--- Task material ---

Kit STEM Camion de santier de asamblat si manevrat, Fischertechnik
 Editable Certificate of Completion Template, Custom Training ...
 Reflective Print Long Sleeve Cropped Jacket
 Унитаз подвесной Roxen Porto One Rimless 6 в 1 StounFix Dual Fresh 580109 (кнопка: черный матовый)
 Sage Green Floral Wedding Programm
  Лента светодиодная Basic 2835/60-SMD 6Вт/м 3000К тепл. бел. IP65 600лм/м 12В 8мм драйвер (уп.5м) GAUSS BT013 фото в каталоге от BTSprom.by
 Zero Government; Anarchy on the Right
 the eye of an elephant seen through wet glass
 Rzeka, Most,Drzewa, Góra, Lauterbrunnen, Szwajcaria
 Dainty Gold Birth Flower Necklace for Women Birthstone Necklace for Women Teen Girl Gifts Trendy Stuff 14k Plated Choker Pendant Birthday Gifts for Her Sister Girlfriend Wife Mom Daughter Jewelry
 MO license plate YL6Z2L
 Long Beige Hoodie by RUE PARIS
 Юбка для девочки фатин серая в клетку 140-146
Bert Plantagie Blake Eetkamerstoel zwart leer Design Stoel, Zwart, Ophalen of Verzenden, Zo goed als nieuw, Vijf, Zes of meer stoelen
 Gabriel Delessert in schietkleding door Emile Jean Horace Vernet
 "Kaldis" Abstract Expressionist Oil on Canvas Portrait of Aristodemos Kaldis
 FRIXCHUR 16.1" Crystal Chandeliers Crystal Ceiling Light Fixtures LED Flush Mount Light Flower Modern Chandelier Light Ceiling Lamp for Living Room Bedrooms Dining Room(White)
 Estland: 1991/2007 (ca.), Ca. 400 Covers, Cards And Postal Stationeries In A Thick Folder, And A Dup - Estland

---

With both ends included, please retype exactly the lines from the line containing "Sage Green Floral Wedding Programm" to the final line of the data.

 Sage Green Floral Wedding Programm
  Лента светодиодная Basic 2835/60-SMD 6Вт/м 3000К тепл. бел. IP65 600лм/м 12В 8мм драйвер (уп.5м) GAUSS BT013 фото в каталоге от BTSprom.by
 Zero Government; Anarchy on the Right
 the eye of an elephant seen through wet glass
 Rzeka, Most,Drzewa, Góra, Lauterbrunnen, Szwajcaria
 Dainty Gold Birth Flower Necklace for Women Birthstone Necklace for Women Teen Girl Gifts Trendy Stuff 14k Plated Choker Pendant Birthday Gifts for Her Sister Girlfriend Wife Mom Daughter Jewelry
 MO license plate YL6Z2L
 Long Beige Hoodie by RUE PARIS
 Юбка для девочки фатин серая в клетку 140-146
Bert Plantagie Blake Eetkamerstoel zwart leer Design Stoel, Zwart, Ophalen of Verzenden, Zo goed als nieuw, Vijf, Zes of meer stoelen
 Gabriel Delessert in schietkleding door Emile Jean Horace Vernet
 "Kaldis" Abstract Expressionist Oil on Canvas Portrait of Aristodemos Kaldis
 FRIXCHUR 16.1" Crystal Chandeliers Crystal Ceiling Light Fixtures LED Flush Mount Light Flower Modern Chandelier Light Ceiling Lamp for Living Room Bedrooms Dining Room(White)
 Estland: 1991/2007 (ca.), Ca. 400 Covers, Cards And Postal Stationeries In A Thick Folder, And A Dup - Estland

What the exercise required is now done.